──────── Data
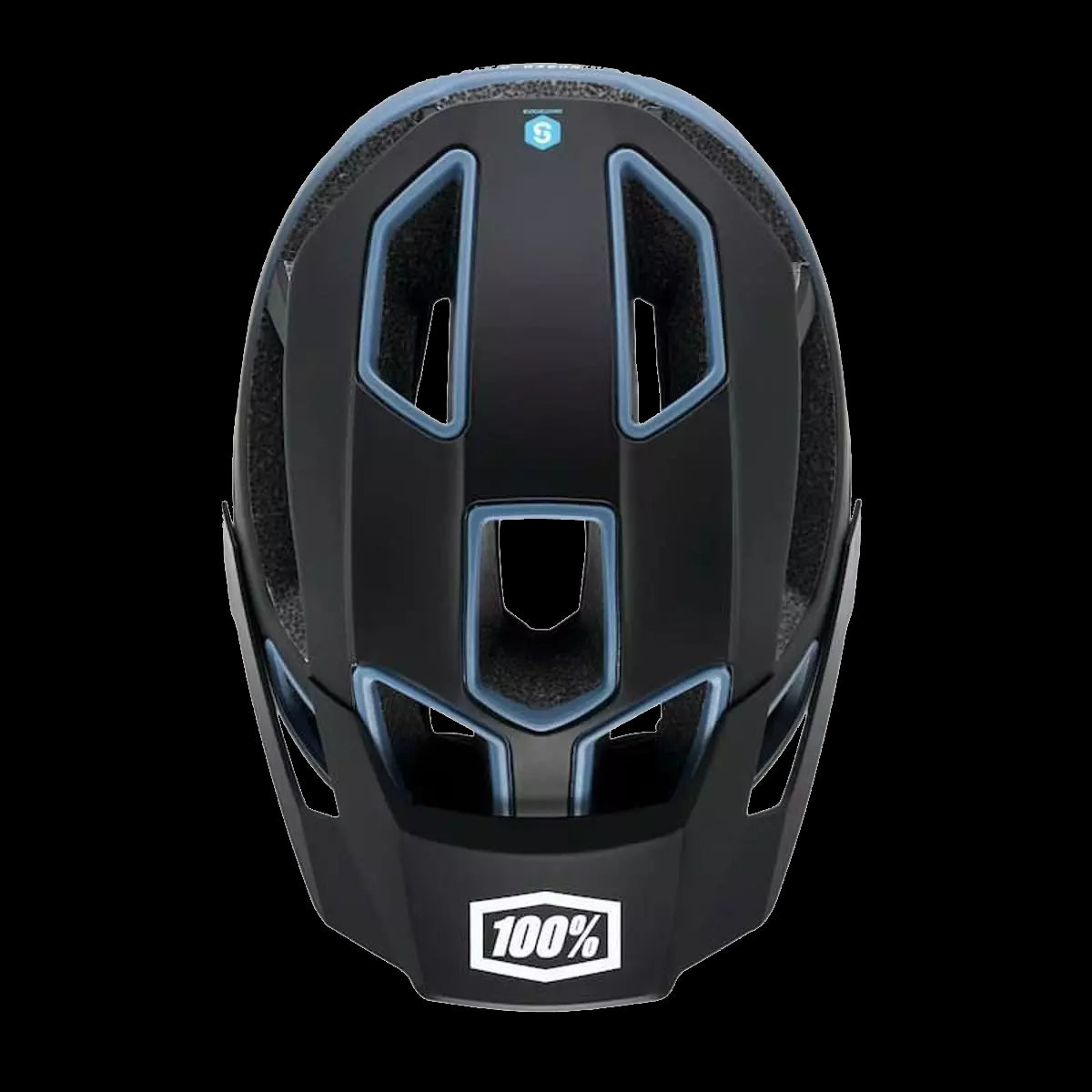 100% - Altec Helmet - Black - S/M - Cycle City Outdoors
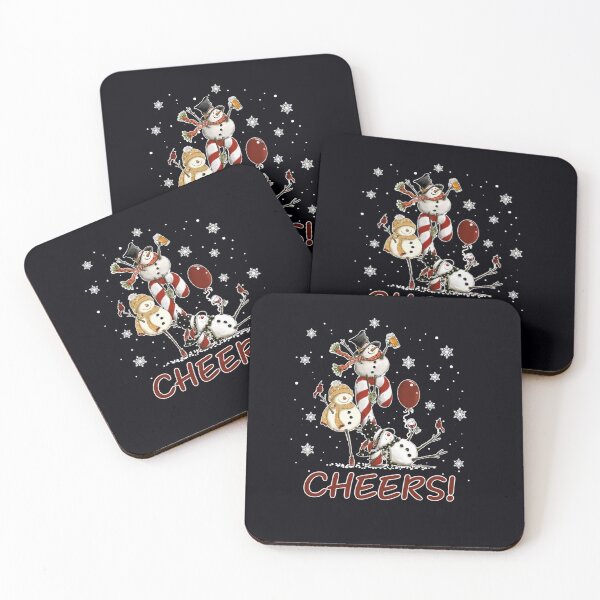 Item preview, Cheers Snowman Beer Christmas Wine designed and sold by DeannaMarks.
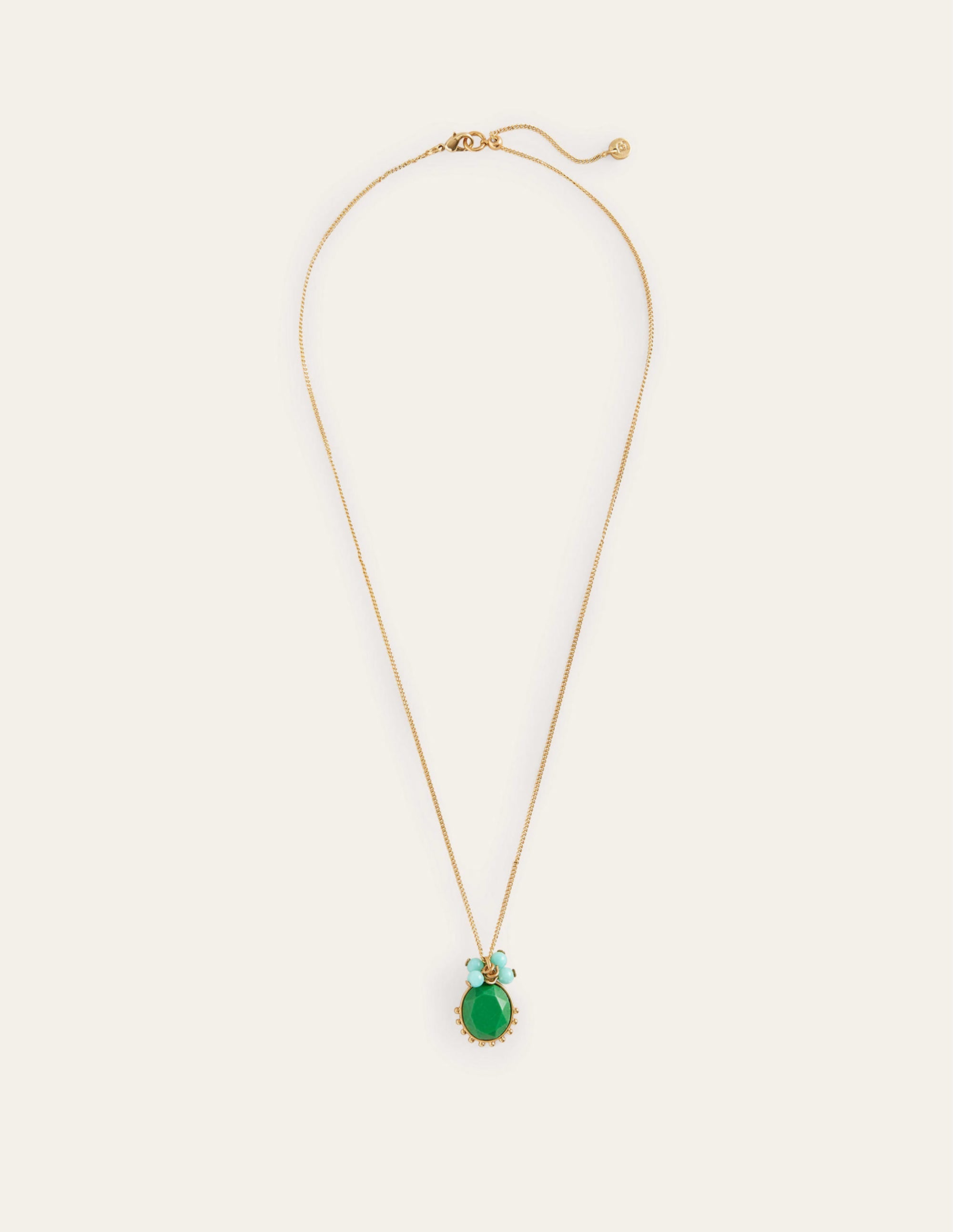 Pendant Necklace-Green - Image 2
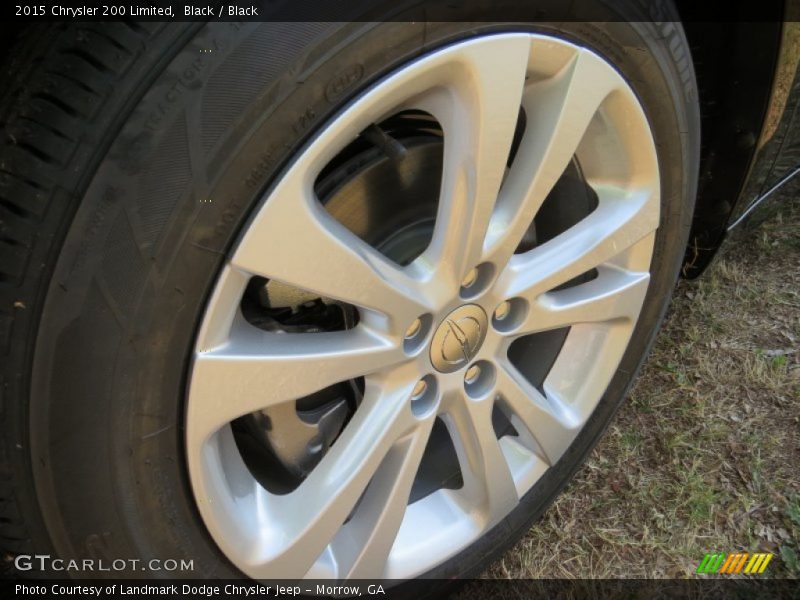 Black / Black 2015 Chrysler 200 Limited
────────────────
Exercise requirements: Repeat the listing word for word, but without its pictures.

Output for this exercise:
 100% - Altec Helmet - Black - S/M - Cycle City Outdoors
 Item preview, Cheers Snowman Beer Christmas Wine designed and sold by DeannaMarks.
 Pendant Necklace-Green - Image 2
 Black / Black 2015 Chrysler 200 Limited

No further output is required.